Call it food & drink, gastronomy, or culinary arts - by any name, new, used, out-of-print, antiquarian, rare books, ephemera and manuscripts about cooking and related fields are still holding their own against the digital tidal wave. And so are the booksellers who specialize in this field.
In fact, talking with some of the proprietors of America’s leading culinary specialists will remind you why you wanted to sell books in the first place: Because it’s fascinating, because you love the subject; you love your customers; the thrill of the chase never goes away and retail or by appointment, high end or low, East Coast or West, this is the print sweet spot in a digital age.
Leading our list of dealers who shine is Don Lindgren of Rabelais Books in Maine, who has been an active bookseller since 1979 in a variety of fields. Lindgren, 56, and his wife moved from Brooklyn to Maine in 2004. Two years later the couple opened a retail shop in Portland, ME specializing in cookery - new - used - rare. Those days are over. “As time went by my personal interests took over,” said Lindgren, while his wife Samantha went on to pursue other interests. In 2011 Rabelais moved to nearby Biddeford and is now by appointment only. The firm has about 30,000 items in stock from the 17th century to the present, about half ephemera. Rabelais also serves those inclined towards thirst, with books on first growth wines and home brewing, cocktail culture and saloon society."
Lindgren is a wonderful explainer and his catalogs combine a discerning eye with excellent scholarship. Lucky for you they can all be downloaded as pdfs. I notice that a few are still available in hard copy for a modest price.

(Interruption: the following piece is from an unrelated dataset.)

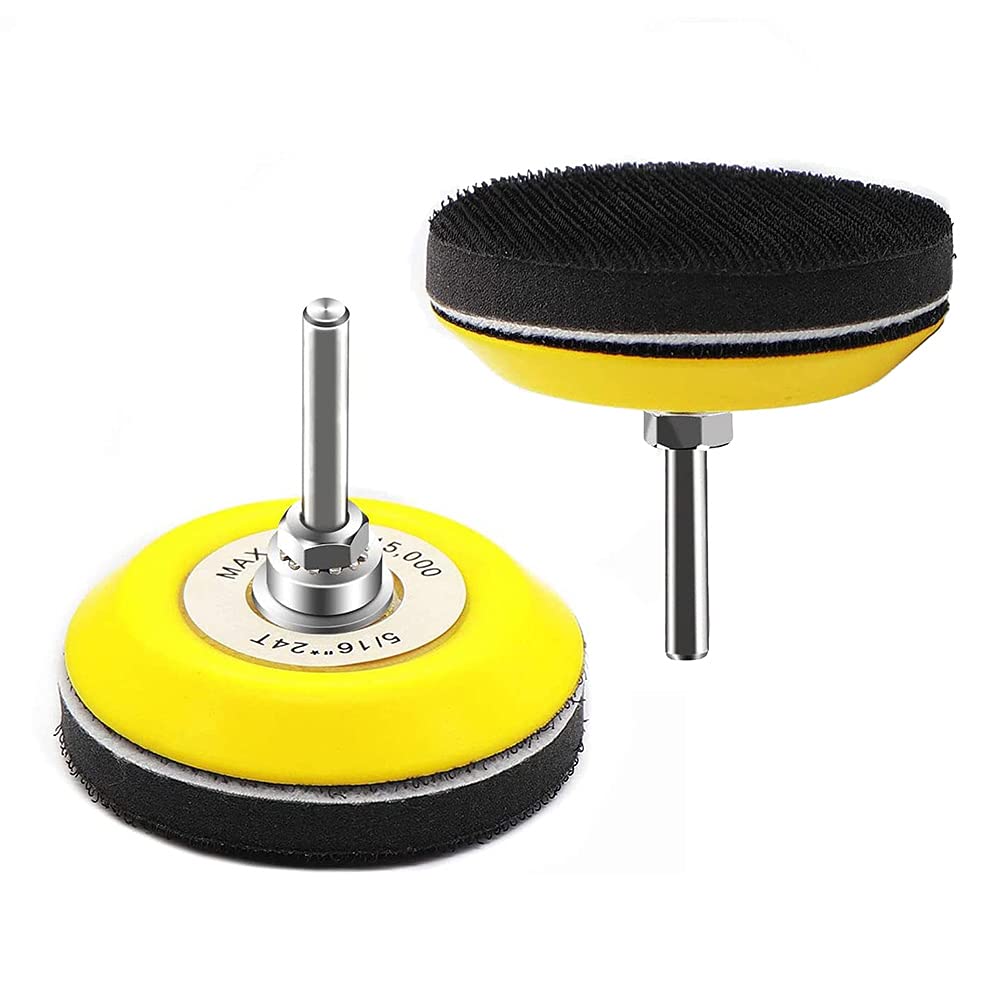 Bestgle 2pcs 3 Inch 75mm Hook and Loop Sanding Backing Pad for Sanding Discs with 1/4 Inch Shank Drill Attachment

This writer was particularly taken with #2 focused on the industrialization of food.
In the introduction to his 10th catalog he observes: “While old cookbooks have long been loved and collected, the systematic collecting of cookbooks remains a young-ish field, somewhat overlooked by parts of the world of institutional special collections (with some notable and magnificent exceptions), and by antiquarian booksellers (again, with some notable and magnificent exceptions). This is good news, as it is still possible to find unrecognized and under examined works out in the wild, at book fairs, in used and antiquarian bookshops, and on the shelves of kitchen libraries.”
Lindgren, along with others, notes the increasing interest in ephemera. He was also one of several to mention the strong demand for manuscript materials, whether they be recipes written out in long hand or other original material related to the domestic or commercial food and beverage landscape.
Who would have thought that 90 percent of his customers would be institutional and or that those institutions would be so knowledgeable and avid to acquire the choicest offerings?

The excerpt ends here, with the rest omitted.